Manukyan, bizim bulunduğumuz yönden geldi ve orman yoluna girdi. İşaret dalga dalga detrap bölgesine ulaştı. Nefeslerimizi bile tutmuştuk. Çıt çıkmıyordu. Bir süre sonra yol kenarındaki bir kaya parçasının altı olan detrap yerinden koşuşmalar ve sesler geldi. Arkadaşlar haberi ulaştırdılar. Manukyan enterne edilmiş ve götürülmüştü.

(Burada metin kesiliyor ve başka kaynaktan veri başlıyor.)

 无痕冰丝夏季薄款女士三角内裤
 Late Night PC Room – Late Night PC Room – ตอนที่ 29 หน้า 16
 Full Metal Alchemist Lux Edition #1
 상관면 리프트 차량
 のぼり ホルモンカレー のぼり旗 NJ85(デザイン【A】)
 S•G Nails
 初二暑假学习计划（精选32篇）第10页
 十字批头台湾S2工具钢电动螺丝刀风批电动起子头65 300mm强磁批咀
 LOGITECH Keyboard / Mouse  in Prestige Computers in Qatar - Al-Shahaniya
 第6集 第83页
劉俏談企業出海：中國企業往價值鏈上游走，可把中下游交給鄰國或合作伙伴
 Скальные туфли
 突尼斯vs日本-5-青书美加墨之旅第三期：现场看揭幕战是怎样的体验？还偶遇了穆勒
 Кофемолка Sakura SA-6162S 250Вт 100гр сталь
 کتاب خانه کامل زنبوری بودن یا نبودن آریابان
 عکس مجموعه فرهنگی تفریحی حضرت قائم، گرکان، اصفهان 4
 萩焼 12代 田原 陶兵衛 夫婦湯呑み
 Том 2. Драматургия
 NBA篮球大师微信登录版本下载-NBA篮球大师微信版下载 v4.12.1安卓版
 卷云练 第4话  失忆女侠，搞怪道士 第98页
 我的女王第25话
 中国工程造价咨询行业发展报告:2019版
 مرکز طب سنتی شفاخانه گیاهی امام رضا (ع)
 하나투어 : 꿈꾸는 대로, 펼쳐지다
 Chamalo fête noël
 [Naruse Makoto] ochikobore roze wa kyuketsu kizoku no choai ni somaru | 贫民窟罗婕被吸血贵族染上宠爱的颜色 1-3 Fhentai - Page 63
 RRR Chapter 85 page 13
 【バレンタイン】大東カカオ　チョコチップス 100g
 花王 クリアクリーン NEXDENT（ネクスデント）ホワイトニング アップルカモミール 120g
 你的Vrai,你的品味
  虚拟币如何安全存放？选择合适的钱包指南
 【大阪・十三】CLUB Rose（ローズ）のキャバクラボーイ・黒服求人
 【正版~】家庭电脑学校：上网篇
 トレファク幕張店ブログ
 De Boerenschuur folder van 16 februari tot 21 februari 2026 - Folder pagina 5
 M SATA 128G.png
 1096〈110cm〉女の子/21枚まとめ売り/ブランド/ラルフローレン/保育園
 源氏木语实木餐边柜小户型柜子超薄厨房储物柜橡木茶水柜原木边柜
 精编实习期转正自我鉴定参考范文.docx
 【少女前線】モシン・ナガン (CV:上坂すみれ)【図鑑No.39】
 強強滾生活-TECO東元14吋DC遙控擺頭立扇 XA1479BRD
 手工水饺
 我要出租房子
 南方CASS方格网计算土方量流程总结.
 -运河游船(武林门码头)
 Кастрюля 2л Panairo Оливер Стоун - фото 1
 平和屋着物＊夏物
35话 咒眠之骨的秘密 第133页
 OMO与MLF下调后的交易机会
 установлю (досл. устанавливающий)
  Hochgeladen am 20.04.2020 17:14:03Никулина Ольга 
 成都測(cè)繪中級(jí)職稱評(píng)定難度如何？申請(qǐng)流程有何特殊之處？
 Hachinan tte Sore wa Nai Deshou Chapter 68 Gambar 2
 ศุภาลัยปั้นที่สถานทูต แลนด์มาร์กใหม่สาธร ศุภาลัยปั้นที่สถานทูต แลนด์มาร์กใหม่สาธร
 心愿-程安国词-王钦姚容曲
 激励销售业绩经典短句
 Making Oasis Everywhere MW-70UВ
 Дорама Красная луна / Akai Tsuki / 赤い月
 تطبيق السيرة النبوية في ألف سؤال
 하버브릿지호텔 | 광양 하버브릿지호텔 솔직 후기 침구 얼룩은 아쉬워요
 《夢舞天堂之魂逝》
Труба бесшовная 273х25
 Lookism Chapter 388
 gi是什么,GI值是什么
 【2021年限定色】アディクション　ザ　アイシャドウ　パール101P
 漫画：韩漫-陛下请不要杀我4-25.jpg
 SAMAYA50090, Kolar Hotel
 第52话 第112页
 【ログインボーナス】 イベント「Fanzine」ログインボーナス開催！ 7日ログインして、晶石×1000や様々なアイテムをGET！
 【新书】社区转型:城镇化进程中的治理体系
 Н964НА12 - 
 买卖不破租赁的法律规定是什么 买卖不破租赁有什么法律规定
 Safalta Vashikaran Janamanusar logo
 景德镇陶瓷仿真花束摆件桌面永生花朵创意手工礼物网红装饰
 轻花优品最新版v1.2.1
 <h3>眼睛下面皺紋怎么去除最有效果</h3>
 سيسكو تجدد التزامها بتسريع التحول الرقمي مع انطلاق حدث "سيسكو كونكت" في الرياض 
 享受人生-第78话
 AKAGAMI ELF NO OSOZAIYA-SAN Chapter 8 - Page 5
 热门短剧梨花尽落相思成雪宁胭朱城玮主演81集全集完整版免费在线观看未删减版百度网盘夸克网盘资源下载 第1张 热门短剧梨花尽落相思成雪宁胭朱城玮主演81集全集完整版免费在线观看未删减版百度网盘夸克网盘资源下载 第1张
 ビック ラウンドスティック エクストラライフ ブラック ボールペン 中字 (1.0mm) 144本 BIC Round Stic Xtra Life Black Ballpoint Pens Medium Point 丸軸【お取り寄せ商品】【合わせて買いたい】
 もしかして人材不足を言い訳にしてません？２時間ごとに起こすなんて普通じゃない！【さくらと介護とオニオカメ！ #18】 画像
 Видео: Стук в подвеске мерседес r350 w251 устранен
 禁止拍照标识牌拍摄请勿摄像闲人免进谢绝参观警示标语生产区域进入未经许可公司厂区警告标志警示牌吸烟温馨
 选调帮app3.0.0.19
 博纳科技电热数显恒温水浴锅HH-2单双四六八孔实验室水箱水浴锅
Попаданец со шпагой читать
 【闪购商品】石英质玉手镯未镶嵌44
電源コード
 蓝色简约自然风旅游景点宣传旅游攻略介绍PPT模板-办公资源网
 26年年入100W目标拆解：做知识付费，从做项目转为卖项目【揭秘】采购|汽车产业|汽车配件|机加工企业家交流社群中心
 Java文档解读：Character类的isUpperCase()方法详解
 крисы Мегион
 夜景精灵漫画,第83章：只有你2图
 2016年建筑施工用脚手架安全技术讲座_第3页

Sıra Rus’a gelmişti. Yarım saat geçmemişti ki, Rus’un otomobili ormanın Kilyos istikametinden detrap bölgesine yaklaştığı işareti geldi. Yerimizde kaldık. Kısa bir süre sonra bağrışmalar gelmeye başladı. Koşarak detrap bölgesine gittim. Sovyet Yuri Vladimirovich Maksimov’un ayaklarında balıkçı çizmesi ve üzerinde spor bir kıyafet vardı. İlk bakışta denizden yeni dönmüş, ağlarını toplayan bir balıkçıya benziyordu. Detrabı boşaltmaya yalnız gelmişti. İri yarı bir adamdı. Kendisini tutmaya çalışanlara şiddetle karşı çıkıp kurtulmaya çalışıyordu. Sonunda kollarını arkasından kıvırıp hareketsiz hale getirdiler, o vaziyette yürüyerek 200 metre kadar ilerdeki Orman İdaresine ait binaya götürdüler. Ankara’dan yetkili amirler gelmişti. Binada onunla görüştüler. Herhalde usulen bir kimlik kontrolünden sonra kendisine bizimle çalışması halinde bu olayı unutabileceğimiz söylenmiştir. Maksimov kısa bir müddet sonra diplomatik statüsü icabı serbest bırakıldı. Kazaya uğramış bir balıkçı gibi perişan bir vaziyette arabasına binip bölgeden uzaklaştı. Ertesi gün Sovyetler Birliğine geri dönüyordu.